Information given:
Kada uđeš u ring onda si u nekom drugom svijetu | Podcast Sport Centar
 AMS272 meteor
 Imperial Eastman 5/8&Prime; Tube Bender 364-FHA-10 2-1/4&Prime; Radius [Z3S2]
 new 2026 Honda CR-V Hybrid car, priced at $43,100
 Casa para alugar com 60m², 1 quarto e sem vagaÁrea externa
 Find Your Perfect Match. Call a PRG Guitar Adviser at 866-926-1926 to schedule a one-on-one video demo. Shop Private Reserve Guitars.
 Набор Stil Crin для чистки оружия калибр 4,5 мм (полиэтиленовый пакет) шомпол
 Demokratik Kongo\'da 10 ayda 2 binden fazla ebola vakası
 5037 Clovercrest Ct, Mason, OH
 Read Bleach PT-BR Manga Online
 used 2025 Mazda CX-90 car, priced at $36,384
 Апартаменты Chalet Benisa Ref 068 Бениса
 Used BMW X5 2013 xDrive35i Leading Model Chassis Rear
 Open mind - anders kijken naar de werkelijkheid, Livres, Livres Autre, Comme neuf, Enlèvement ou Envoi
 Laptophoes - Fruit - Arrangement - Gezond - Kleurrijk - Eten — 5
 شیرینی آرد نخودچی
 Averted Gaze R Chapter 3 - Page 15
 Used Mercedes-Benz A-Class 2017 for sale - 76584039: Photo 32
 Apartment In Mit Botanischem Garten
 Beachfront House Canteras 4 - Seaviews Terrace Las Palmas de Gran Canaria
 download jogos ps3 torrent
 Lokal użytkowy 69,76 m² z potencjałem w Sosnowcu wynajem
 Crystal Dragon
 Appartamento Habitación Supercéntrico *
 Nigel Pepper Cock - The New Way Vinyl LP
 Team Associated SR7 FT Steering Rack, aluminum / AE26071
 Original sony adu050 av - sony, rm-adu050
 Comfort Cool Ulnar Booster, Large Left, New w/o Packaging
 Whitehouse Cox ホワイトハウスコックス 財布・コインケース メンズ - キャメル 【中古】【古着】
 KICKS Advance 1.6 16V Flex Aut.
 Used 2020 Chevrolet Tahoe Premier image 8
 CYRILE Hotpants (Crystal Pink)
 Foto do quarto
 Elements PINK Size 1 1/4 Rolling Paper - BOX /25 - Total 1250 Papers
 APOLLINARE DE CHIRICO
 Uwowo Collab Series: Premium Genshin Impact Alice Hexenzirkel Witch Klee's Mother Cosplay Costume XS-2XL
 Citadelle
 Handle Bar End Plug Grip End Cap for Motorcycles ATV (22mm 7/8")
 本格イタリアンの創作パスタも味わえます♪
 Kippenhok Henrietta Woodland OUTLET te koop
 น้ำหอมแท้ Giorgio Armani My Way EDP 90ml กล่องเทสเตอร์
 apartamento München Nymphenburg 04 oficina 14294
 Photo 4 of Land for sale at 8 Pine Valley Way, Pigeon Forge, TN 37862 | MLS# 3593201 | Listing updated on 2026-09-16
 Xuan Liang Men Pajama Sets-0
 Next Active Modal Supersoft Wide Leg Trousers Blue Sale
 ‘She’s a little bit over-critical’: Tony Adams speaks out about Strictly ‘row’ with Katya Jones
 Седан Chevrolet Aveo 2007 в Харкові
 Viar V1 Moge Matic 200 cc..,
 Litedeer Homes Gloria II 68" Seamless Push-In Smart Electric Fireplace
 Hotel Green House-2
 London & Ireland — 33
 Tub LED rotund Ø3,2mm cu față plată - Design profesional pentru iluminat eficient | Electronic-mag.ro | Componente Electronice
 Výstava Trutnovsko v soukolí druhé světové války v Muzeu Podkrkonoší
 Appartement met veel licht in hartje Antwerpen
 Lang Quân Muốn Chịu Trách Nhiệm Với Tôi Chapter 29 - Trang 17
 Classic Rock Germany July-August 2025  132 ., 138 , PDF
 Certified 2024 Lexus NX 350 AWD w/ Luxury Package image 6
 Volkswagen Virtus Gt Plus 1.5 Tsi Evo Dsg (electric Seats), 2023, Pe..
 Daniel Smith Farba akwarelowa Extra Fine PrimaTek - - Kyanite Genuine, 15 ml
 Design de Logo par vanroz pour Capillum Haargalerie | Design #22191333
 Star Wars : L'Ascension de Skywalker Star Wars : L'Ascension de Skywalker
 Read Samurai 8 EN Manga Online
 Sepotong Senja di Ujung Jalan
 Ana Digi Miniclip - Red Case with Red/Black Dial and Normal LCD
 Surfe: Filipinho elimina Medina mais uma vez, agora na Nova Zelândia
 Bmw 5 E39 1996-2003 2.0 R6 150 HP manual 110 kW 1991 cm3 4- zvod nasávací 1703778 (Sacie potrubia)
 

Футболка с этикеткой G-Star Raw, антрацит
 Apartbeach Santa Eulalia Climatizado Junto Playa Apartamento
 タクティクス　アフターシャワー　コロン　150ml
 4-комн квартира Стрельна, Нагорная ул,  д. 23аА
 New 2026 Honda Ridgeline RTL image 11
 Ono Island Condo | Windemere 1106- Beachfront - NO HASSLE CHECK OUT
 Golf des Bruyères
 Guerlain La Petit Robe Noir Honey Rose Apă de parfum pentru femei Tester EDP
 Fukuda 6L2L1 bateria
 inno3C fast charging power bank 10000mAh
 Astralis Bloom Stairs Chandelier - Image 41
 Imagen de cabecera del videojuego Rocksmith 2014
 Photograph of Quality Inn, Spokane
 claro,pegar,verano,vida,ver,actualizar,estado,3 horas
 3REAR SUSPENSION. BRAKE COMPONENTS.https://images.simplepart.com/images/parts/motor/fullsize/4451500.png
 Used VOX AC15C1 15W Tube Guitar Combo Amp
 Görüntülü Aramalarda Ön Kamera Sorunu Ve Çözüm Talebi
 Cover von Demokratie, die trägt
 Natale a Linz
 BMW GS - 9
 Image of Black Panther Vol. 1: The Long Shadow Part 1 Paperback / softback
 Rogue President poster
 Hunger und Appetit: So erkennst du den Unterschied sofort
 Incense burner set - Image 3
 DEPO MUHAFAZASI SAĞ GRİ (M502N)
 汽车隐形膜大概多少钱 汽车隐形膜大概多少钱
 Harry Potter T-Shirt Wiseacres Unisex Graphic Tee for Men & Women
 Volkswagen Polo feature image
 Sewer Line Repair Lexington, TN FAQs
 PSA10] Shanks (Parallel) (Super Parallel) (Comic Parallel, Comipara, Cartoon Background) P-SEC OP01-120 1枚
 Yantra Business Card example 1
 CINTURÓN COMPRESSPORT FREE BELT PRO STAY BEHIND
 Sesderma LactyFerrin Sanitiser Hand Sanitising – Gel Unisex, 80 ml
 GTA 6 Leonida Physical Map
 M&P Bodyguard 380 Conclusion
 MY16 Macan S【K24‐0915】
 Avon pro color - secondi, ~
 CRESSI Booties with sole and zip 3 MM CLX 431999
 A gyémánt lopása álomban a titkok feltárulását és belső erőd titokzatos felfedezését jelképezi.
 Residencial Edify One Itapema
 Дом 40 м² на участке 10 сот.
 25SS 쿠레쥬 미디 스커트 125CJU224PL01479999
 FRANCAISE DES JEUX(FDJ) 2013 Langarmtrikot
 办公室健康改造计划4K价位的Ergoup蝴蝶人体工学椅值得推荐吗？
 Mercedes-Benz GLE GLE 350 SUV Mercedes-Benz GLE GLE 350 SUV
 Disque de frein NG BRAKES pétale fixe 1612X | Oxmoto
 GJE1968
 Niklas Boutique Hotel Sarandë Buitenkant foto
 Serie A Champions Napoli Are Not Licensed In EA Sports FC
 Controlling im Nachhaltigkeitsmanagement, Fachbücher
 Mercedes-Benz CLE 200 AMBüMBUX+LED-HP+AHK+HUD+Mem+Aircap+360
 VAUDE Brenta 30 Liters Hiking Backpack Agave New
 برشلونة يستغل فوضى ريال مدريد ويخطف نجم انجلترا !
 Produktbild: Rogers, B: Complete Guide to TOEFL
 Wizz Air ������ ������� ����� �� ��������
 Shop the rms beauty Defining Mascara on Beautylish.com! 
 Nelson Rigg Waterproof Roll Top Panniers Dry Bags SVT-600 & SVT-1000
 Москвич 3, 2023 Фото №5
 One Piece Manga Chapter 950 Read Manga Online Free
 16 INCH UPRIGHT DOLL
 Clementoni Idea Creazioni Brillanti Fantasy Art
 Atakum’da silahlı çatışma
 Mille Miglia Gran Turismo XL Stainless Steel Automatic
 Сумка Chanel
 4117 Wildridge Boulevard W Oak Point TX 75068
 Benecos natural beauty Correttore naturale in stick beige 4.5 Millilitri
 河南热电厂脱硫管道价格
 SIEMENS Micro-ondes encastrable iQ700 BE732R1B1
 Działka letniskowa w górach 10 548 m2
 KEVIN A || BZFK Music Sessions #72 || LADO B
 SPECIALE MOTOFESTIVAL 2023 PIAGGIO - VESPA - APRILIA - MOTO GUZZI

What needs to be done: The lines to set down, exactly and with both ends included, run from the one containing "Mercedes-Benz CLE 200" to the last line of the data above.

Written answer:
 Mercedes-Benz CLE 200 AMBüMBUX+LED-HP+AHK+HUD+Mem+Aircap+360
 VAUDE Brenta 30 Liters Hiking Backpack Agave New
 برشلونة يستغل فوضى ريال مدريد ويخطف نجم انجلترا !
 Produktbild: Rogers, B: Complete Guide to TOEFL
 Wizz Air ������ ������� ����� �� ��������
 Shop the rms beauty Defining Mascara on Beautylish.com! 
 Nelson Rigg Waterproof Roll Top Panniers Dry Bags SVT-600 & SVT-1000
 Москвич 3, 2023 Фото №5
 One Piece Manga Chapter 950 Read Manga Online Free
 16 INCH UPRIGHT DOLL
 Clementoni Idea Creazioni Brillanti Fantasy Art
 Atakum’da silahlı çatışma
 Mille Miglia Gran Turismo XL Stainless Steel Automatic
 Сумка Chanel
 4117 Wildridge Boulevard W Oak Point TX 75068
 Benecos natural beauty Correttore naturale in stick beige 4.5 Millilitri
 河南热电厂脱硫管道价格
 SIEMENS Micro-ondes encastrable iQ700 BE732R1B1
 Działka letniskowa w górach 10 548 m2
 KEVIN A || BZFK Music Sessions #72 || LADO B
 SPECIALE MOTOFESTIVAL 2023 PIAGGIO - VESPA - APRILIA - MOTO GUZZI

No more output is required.